Aim of the task
Reproduce the listing below in full and exactly; no pictures belong in the copy.

BEGIN Data extract

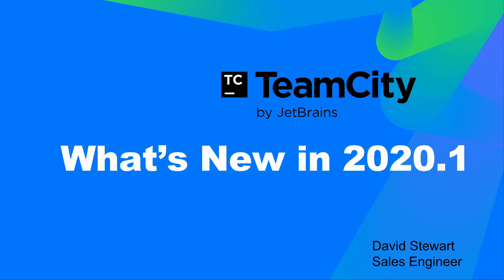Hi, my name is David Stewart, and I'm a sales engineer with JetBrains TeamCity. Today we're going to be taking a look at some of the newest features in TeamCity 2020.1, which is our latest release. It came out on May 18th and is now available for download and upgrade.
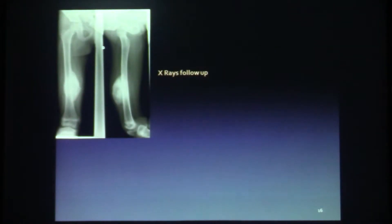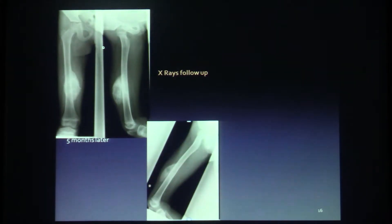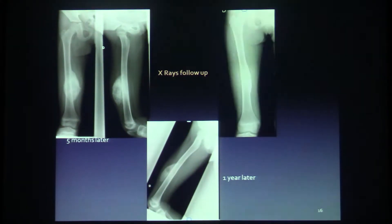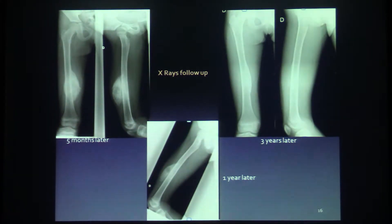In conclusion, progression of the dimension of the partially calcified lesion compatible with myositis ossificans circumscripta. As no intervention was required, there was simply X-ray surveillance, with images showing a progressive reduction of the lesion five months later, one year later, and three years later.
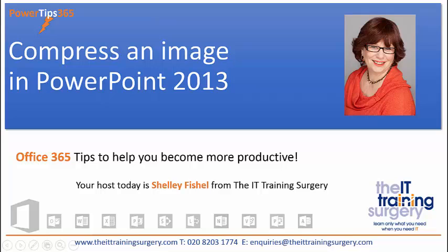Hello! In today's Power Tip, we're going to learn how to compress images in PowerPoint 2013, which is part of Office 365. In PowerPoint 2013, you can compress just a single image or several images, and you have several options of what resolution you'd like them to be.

END Data extract

Output for this task
Hi, my name is David Stewart, and I'm a sales engineer with JetBrains TeamCity. Today we're going to be taking a look at some of the newest features in TeamCity 2020.1, which is our latest release. It came out on May 18th and is now available for download and upgrade.
In conclusion, progression of the dimension of the partially calcified lesion compatible with myositis ossificans circumscripta. As no intervention was required, there was simply X-ray surveillance, with images showing a progressive reduction of the lesion five months later, one year later, and three years later.
Hello! In today's Power Tip, we're going to learn how to compress images in PowerPoint 2013, which is part of Office 365. In PowerPoint 2013, you can compress just a single image or several images, and you have several options of what resolution you'd like them to be.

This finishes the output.